CELEX: E2014J0010
Language: en
Date: 2014-12-18 00:00:00
Title: Judgment of the Court of 18 December 2014 in Case E-10/14 — Enes Deveci and Others v Scandinavian Airlines System Denmark-Norway-Sweden (Directive 2001/23/EC — Transfer of undertakings — Collective agreements — Freedom to conduct a business)

4.6.2015   
            
            
               EN
            
            
               Official Journal of the European Union
            
            
               C 183/10
            
         JUDGMENT OF THE COURT
   of 18 December 2014
   in Case E-10/14
   Enes Deveci and Others v Scandinavian Airlines System Denmark-Norway-Sweden
   (Directive 2001/23/EC — Transfer of undertakings — Collective agreements — Freedom to conduct a business)
   (2015/C 183/11)
   In Case E-10/14, Enes Deveci and Others v Scandinavian Airlines System Denmark-Norway-Sweden – REQUEST to the Court under Article 34 of the Agreement between the EFTA States on the Establishment of a Surveillance Authority and a Court of Justice from Eidsivating Court of Appeal (Eidsivating lagmannsrett) concerning the interpretation of Council Directive 2001/23/EC on the approximation of the laws of the Member States relating to the safeguarding of employees' rights in the event of transfers of undertakings, businesses or parts of undertakings or businesses, the Court, composed of Carl Baudenbacher, President and Judge-Rapporteur, Per Christiansen and Páll Hreinsson, Judges, gave judgment on 18 December 2014, the operative part of which is as follows:
   
               1.
            
            
               It is consistent with Article 3(3) of Directive 2001/23/EC when terms and conditions of pay enjoyed by the transferred employees under the collective agreement with the transferor are replaced, in conformity with national law, by conditions of pay laid down in the collective agreement in force with the transferee after the expiry of the former collective agreement.

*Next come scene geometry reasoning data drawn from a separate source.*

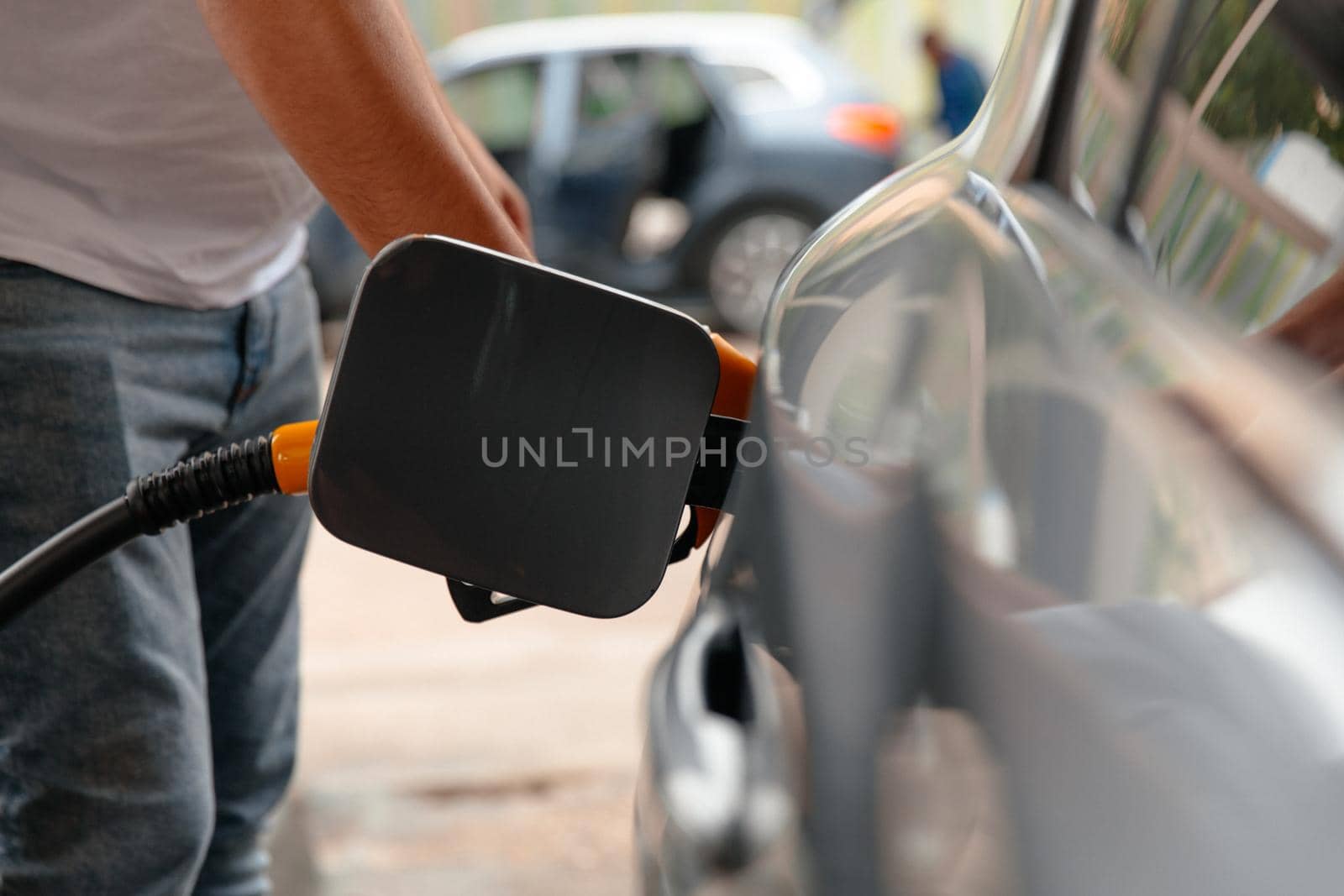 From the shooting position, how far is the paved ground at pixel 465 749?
85.4 inches

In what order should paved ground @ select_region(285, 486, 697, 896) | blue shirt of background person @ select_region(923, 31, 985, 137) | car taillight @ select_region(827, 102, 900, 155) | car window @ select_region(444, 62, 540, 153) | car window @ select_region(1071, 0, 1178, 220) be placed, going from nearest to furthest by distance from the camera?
car window @ select_region(1071, 0, 1178, 220), paved ground @ select_region(285, 486, 697, 896), car taillight @ select_region(827, 102, 900, 155), car window @ select_region(444, 62, 540, 153), blue shirt of background person @ select_region(923, 31, 985, 137)

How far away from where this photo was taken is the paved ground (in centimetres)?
217

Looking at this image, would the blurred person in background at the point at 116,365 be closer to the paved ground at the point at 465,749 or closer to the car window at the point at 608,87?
the paved ground at the point at 465,749

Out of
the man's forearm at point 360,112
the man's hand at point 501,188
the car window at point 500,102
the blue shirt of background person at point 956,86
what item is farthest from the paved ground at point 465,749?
the blue shirt of background person at point 956,86

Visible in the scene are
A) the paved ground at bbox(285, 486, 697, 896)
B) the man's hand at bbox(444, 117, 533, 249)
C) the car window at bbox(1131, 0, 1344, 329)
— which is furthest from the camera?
the paved ground at bbox(285, 486, 697, 896)

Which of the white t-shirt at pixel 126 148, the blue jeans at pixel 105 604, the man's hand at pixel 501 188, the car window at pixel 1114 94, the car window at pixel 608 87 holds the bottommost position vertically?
the car window at pixel 608 87

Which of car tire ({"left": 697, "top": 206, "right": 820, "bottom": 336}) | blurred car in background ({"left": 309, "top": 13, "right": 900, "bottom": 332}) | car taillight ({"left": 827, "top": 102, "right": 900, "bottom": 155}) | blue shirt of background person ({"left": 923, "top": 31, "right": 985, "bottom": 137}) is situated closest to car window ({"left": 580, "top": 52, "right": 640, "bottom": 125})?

               A pay reduction – whether significant or otherwise – cannot influence this assessment.
               However, the national court must assess whether the applicable national law provides for continuing effects in a situation such as the present. Article 3(3) of Directive 2001/23/EC has to be interpreted as meaning that terms and conditions laid down in a collective agreement to which such continuing effects apply constitute ‘terms and conditions agreed in any collective agreement’ so long as those employment relationships are not subject to a new collective agreement or new individual agreements are not concluded with the employees concerned.
            
         
               2.
            
            
               Article 3(3) of Directive 2001/23/EC does not prevent the transferee from applying to the transferred employees the transferee's collective agreement two months after the transfer, if that collective agreement is made applicable in accordance with national law.
               However, Article 3 of Directive 2001/23/EC precludes the possibility that transferred employees suffer a substantial loss of income, in comparison with their situation immediately prior to the transfer, because the duration of their service with the transferor is not sufficiently taken into account when their starting salary position at the transferee is determined and where the conditions for remuneration under the newly applicable collective agreement have regard, inter alia, to the length of service. In that determination the equivalent duration of service of those employees already in the service of the transferee must be taken into consideration.
               It is for the national court to examine whether the conditions of pay under the transferee's collective agreement take due account of the length of service.